Aviation regulators trying to control the flood of inexpensive drones buzzing U.S. skies are drawing fire.
Hobbyists who’ve been flying unmanned airplanes and helicopters for decades asked the U.S. Court of Appeals for the District of Columbia Circuit yesterday to block what they see as new restrictions imposed in June on the recreational flights.
Separate appeals were filed in the court by a drone investment group, Washington-based UAS America Fund LLC, and universities seeking broader access to unmanned aircraft for research.
“It seeks to newly impose a ban on beneficial research and development by commercial companies and also imposes new restrictions on the hobbyists that they’ve never had before,” Brendan Schulman, the lawyer who filed the suits, said of the Federal Aviation Administration’s rule.
The FAA is seeking to regulate the increased use of drones.
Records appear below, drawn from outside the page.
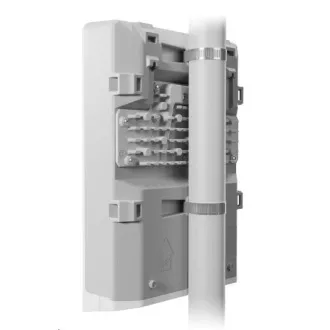 MikroTik CSS610-1Gi-7R-2S OUT fordított PoE switch, 8x Gigabit, 2x SFP , 1x PoE out, 7x PoE in, 56Gbps
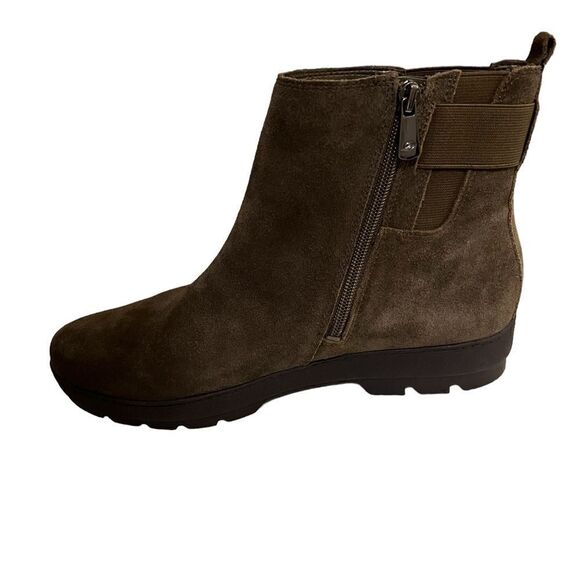 NWOT EASY SPIRIT Ladies Booties Short Boots. 9 Brown Suede - Picture 3 of 8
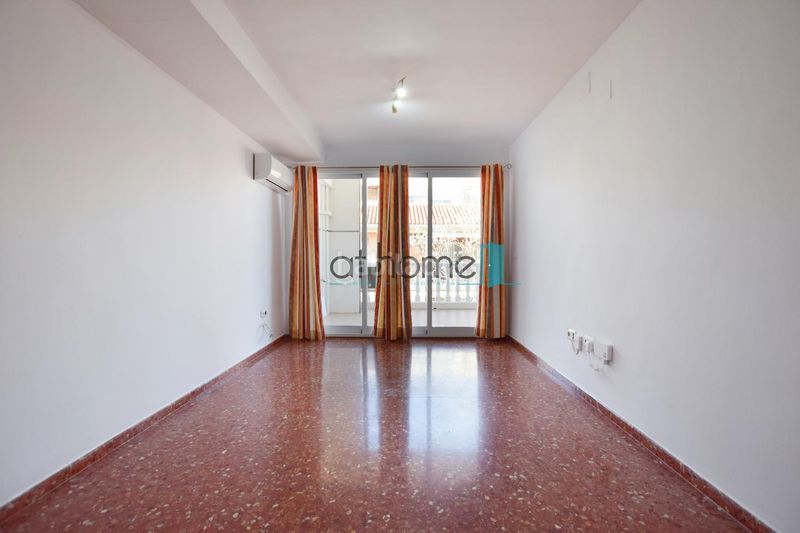 Foto b4359965-6e43-4414-9542-d2ca0f5c3145. Duplex avec parking dans Puçol ciudad Puçol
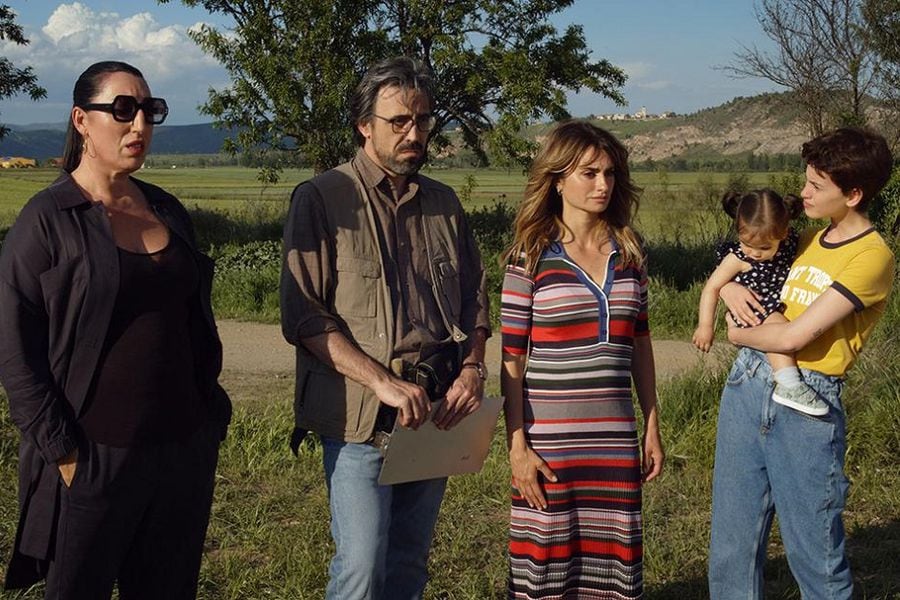 Pedro Almodóvar y Penélope Cruz se reencuentran: mira el trailer de Madres  Paralelas - La Tercera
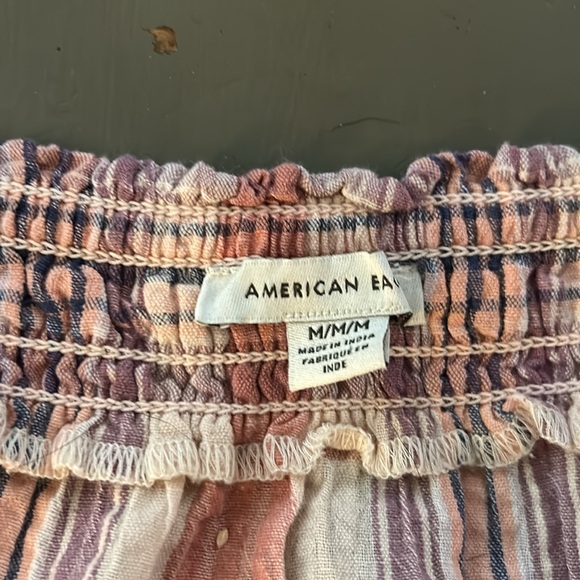 American eagle plaid crop. Size M. Pink and Purple plaid. - Picture 3 of 3
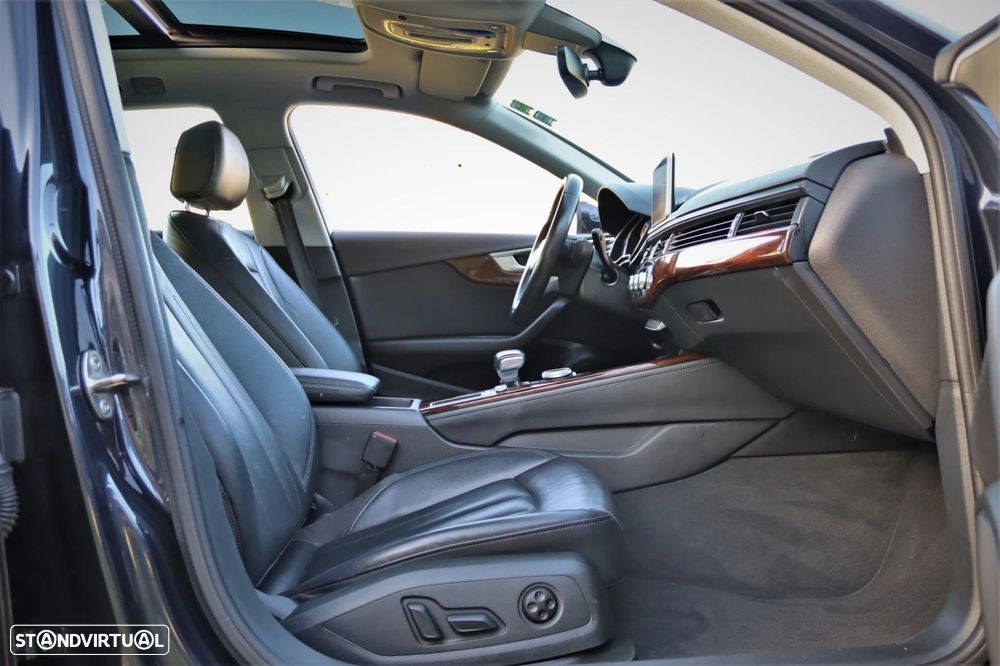 Audi A4 Avant - 22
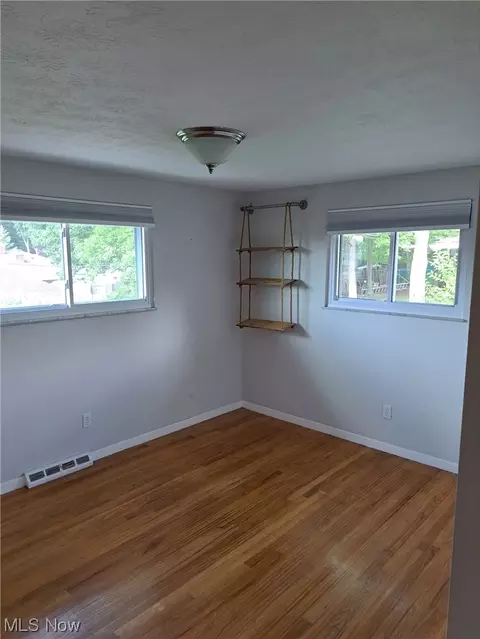 8800 Pinehurst Dr, Parma, OH 44129 photo 8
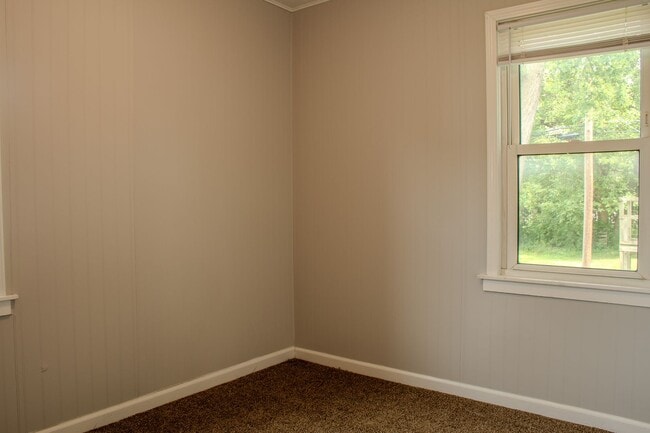 Building Photo - Two bedroom House in East Alton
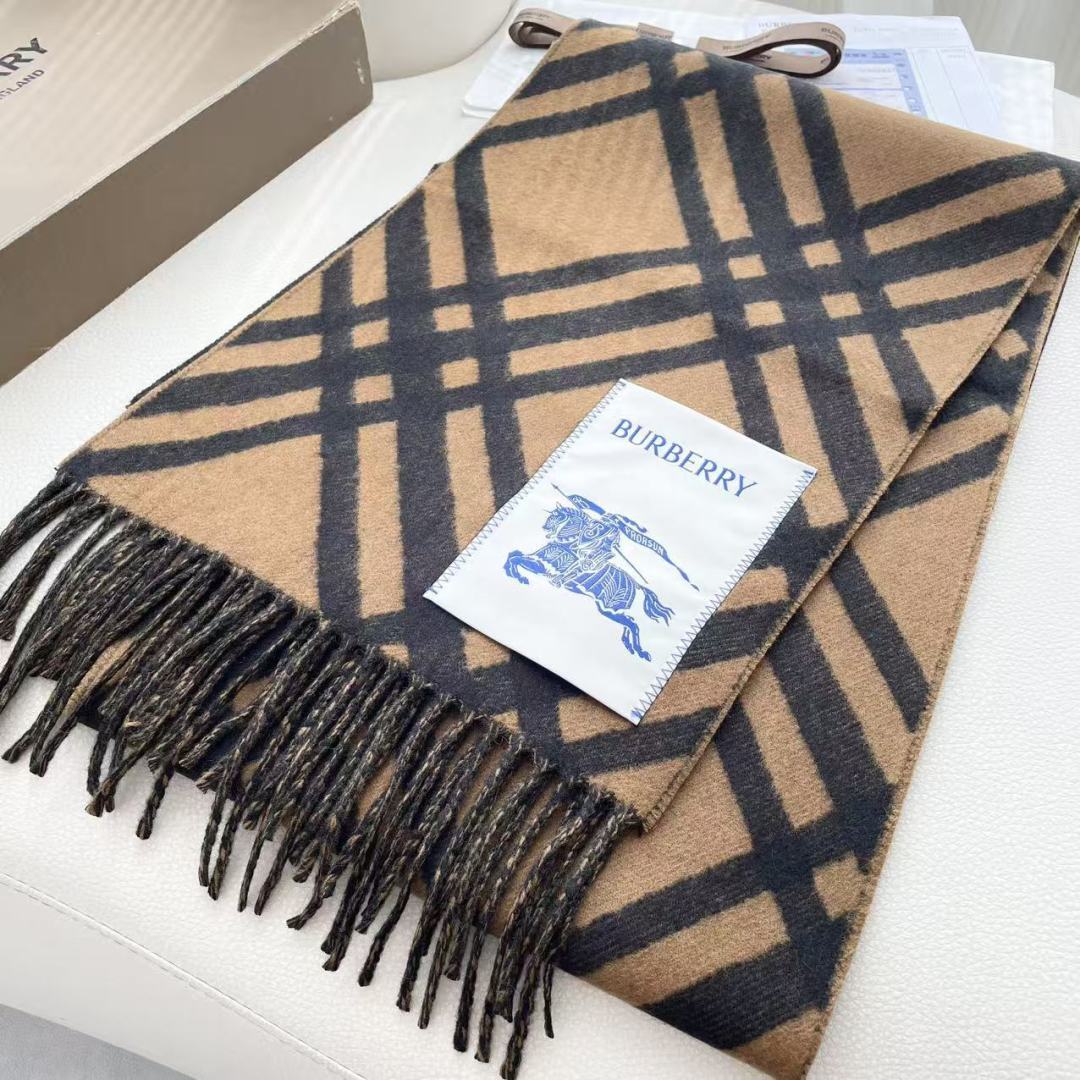 高版本 2025爆款到！ 🆕Burberry · 巴宝莉格子围巾❗️好看的要疯掉了，太有型太有魅力了❗️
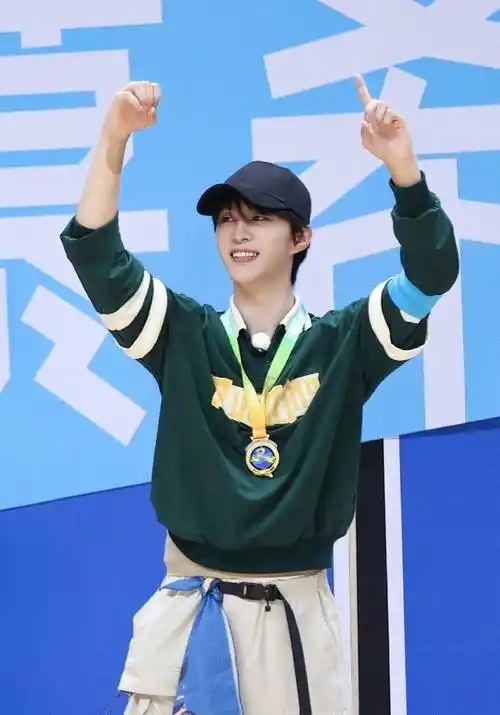 范丞丞在马天宇面前唱《该死的温柔》,在晓明哥面前喊"闹太套",在杨幂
As the aircraft become more prolific, among hobbyists and commercial operators, including real estate agents and movie-production companies, there’s an increased urgency to set national standards.
The FAA doesn’t comment on pending litigation, Laura Brown, a spokeswoman, said in an interview. The FAA says the June rule was a clarification of existing law.
Feedback the FAA has received on its drone-use parameters for hobbyists has been largely negative. A Bloomberg News review of about 200 of 30,000 submissions found more than 90 percent opposed the FAA.
“As an active aeromodeler I OBJECT TO THE ENTIRE DOCUMENT,” John Billinger wrote in a comment posted on the government website Regulations.gov.
The FAA rule also harms companies trying to develop products, according to Matthew Bieschke, president of UAS America Fund, which is seeking to raise billions of dollars for investment in the growing unmanned aircraft market.
“With the FAA’s interpretation, there’s no way for commercialization to happen,” Bieschke said in an interview.
The public has another month to register comments, and those already filed accuse the FAA of government overreach, broken promises and misinterpretation of the law. The hostile response indicates trouble ahead for the FAA’s plans to issue broader commercial drone rules, said Rebecca MacPherson, who until last year was the agency’s chief counsel for regulations.
Hobbyists were assured protection by Congress in a 2012 law that directed the FAA to begin crafting regulations to safely merge drones into traditional airways by August 2015. The FAA said it’s following the language set by Congress.
“They seem to be sending a pretty strong message that they are ceding no ground,” MacPherson, now a lawyer at the law firm Jones Day, said of FAA.
The agency so far has sought to create regulations in phases. It started with the clarification of hobbyists’ flights, and it plans to issue rules later this year for commercial operators of small drones weighing less than 55 pounds (25 kilograms).
So long as the models are “flown strictly for hobby or recreational use” and are operated under a handful of safety guidelines, FAA is prohibited from regulating them, according to the 2012 law passed by Congress.
At the same time, lawmakers gave the FAA authority to seek penalties against model aircraft pilots who operate outside those guidelines and endanger safety.
On June 23, the FAA published how it intended to follow the law. Even though the law was drafted with input from the Muncie, Indiana-based Academy of Model Aeronautics, the results stunned the hobby community, the group’s spokesman Richard Hanson said.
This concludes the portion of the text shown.